Il y a tout de même une dimension identitaire au vote d’extrême droite ? 

Bien entendu. Tout est imbriqué. S’il y a un rejet de l’immigration et une expression de la xénophobie, c’est aussi en raison d’une peur de devenir minoritaire, y compris chez soi. C’est une inquiétude très forte, qui se matérialise par une forte suspicion envers les personnes identifiées comme « autres ». J’observe aussi l’émergence de la conviction que l’autre, en l’occurrence le musulman, aurait une sorte d’intention cachée contre la France et les Français. Avec parfois une mécanique presque conspirationniste, qui a des traits communs avec l’antisémitisme ou l’homophobie.

Ces électeurs se trouvent-ils des affinités avec les autres leaders d’extrême droite dans le monde ? 

Les préoccupations restent essentiellement nationales, et il y a peu d’intérêt pour les autres pays. La personnalité étrangère qui revient peut-être le plus souvent dans les échanges est celle de Trump, mais il fait office de repoussoir, il est associé à la folie et à l’instabilité. En cela, on le compare souvent à Jean-Marie Le Pen, pour mieux souligner un contraste par rapport à sa fille, qui va plus incarner l’apaisement, l’ordre et la stabilité.

Le vote d’extrême droite est-il aujourd’hui assumé publiquement ou bien tenu secret ?
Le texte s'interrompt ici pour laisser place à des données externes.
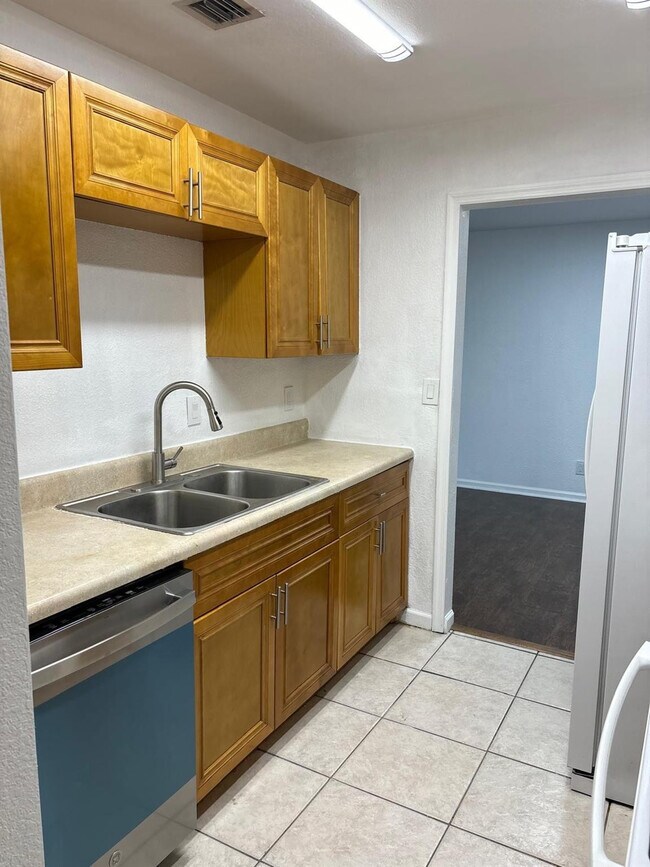 Building Photo - 2862 NW 55th Ave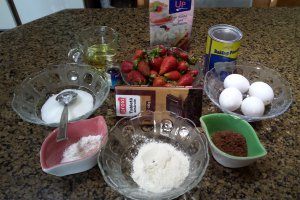 Desert prajitura cu ciocolata, crema si capsuni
Cela dépend du milieu social et du territoire. Dans toute une partie de la population, le vote RN continue d’être tabou, illégitime, honteux. Il y a encore 50 % de la population qui estime que le RN est un danger pour la démocratie ! Mais c’était 75 % il y a vingt ans. La normalisation fait donc son chemin.

Dans certains milieux, le vote RN fait désormais partie du quotidien. C’est le cas dans beaucoup de territoires du sud-est de la France où j’ai réalisé mon enquête. Il y a dorénavant de nombreux élus RN qui font partie du paysage. Le vote RN est devenu légitime. Les électeurs peuvent avoir conscience que c’est un vote stigmatisant, mais ils savent qu’ils ne sont pas seuls et que beaucoup pensent comme eux – les résultats électoraux le prouvent. C’est maintenant une expérience partagée.

Finalement, qu’est-ce que ces électeurs ont d’ordinaire ?

Les électeurs d’extrême droite – et je parle des électeurs, et non des cadres du parti ou des militants – se vivent eux-mêmes comme des gens ordinaires, des « Français moyens ». Ils ne se présentent pas comme des extrémistes radicaux, ils ne sont pas idéologues, ils ne sont même pas fortement politisés. En cela, ils sont « ordinaires ». Leur vote ne vient pas des marges, mais de la norme, une norme qu’ils perçoivent comme étant menacée. Et je pense que, d’un point de vue scientifique, épistémologique, c’est ainsi qu’il faut les étudier : non comme s’ils étaient des électeurs pathologiques, marginaux, aux comportements politiques extrêmes, mais justement comme des « gens ordinaires », qui nous disent quelque chose de la norme.